No, you're laughing, but sharing the data. Back and forth with my collaborators is very important. It's just like you call that a spot, uh, really. And, uh, we went back and forth looking at each other's data. I even got to use some of their, their tools, trying to understand how yes, I was just above a threshold or below a threshold.
Um, that's very important if you're gonna have this very tight and very honest. collaboration, uh, with people, right? And I think the one shouldn't be worried about getting credit for it. Uh, the people in the know will figure out, who was the main contributor for that.
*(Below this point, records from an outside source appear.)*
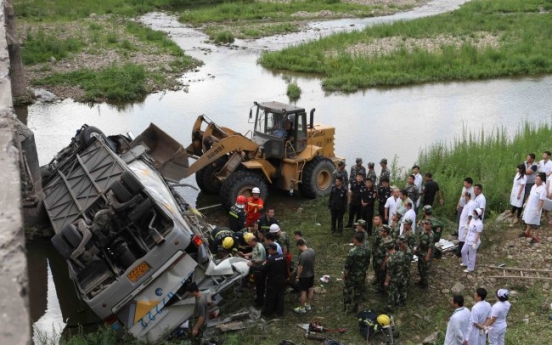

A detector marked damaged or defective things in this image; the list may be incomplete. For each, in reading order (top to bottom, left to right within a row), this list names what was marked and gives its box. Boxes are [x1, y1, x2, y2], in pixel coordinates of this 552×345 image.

overturned bus [38, 123, 246, 342]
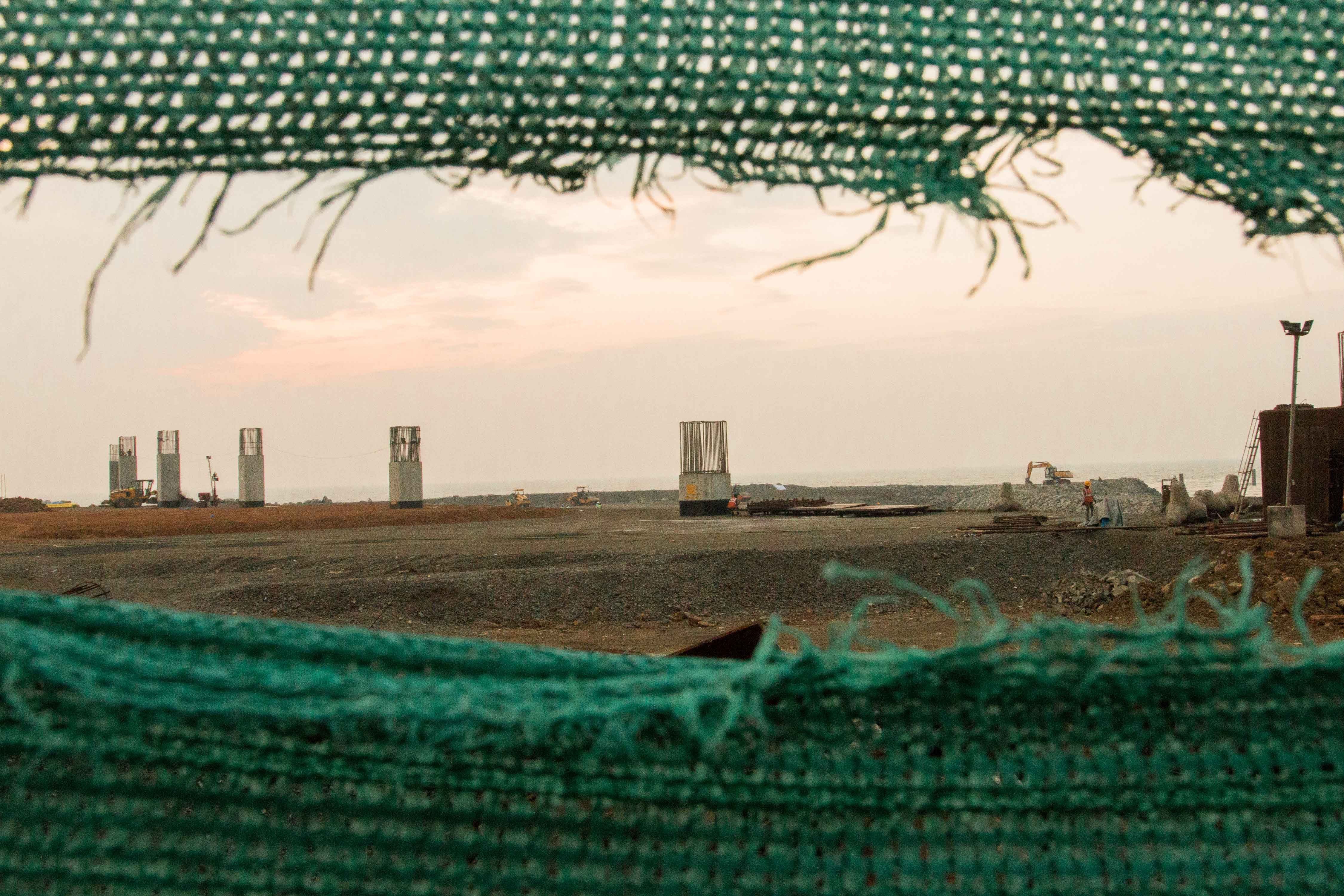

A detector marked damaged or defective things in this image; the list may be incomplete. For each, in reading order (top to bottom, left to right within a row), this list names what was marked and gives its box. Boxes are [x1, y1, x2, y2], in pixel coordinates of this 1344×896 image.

torn green safety net [0, 0, 1338, 246]
torn green safety net [2, 559, 1344, 894]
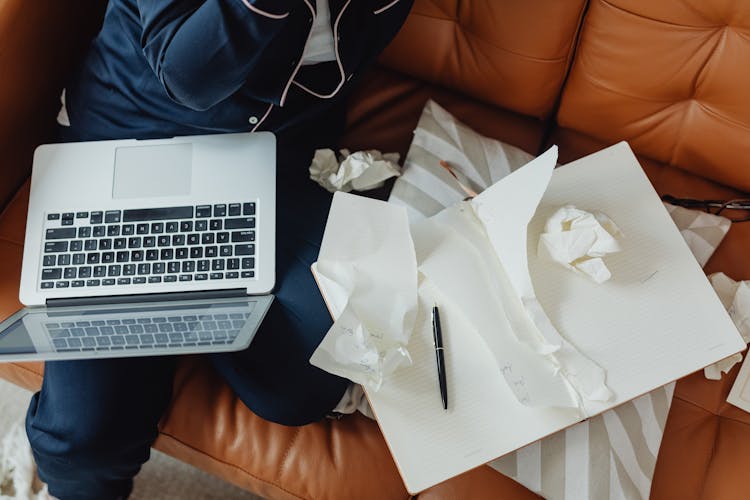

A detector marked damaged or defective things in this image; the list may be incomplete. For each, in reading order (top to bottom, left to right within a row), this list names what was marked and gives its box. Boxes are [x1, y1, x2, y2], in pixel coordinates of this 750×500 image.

torn paper sheet [310, 148, 402, 193]
torn paper sheet [310, 191, 420, 390]
torn paper sheet [536, 206, 624, 286]
torn paper sheet [708, 274, 748, 378]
But, uh, like right now when I write a paper on the minimal cell, it looks like a high energy physics [01:23:04] paper.
There are a lot of collaborators that are on that, but I think it, anybody would read it would know, oh, the imaging comes from Taekjip Ha, the lipidomics came from James Sense. Right. And sometimes when the journals, you know how they ask you to give, what are the contributions of the authors? they should let you do a little bit more, uh, more,
**Milosz:** Nice.
**Zan:** there to be really frank.
Okay.
**Milosz:** yeah, Zan Luthey-Schulten, it's been an absolute pleasure talking to you. I think we've got a lot of inspiration and a lot of interesting stories that you shared with us. So thank you so much for spending this time with me and, and talking.
**Zan:** Oh, if I can get more people into, uh, cell biology and quantitative cell biology, then I have done my job. Okay. Bye bye.
Thank you for listening. See you in the next episode of Phase Space Invaders.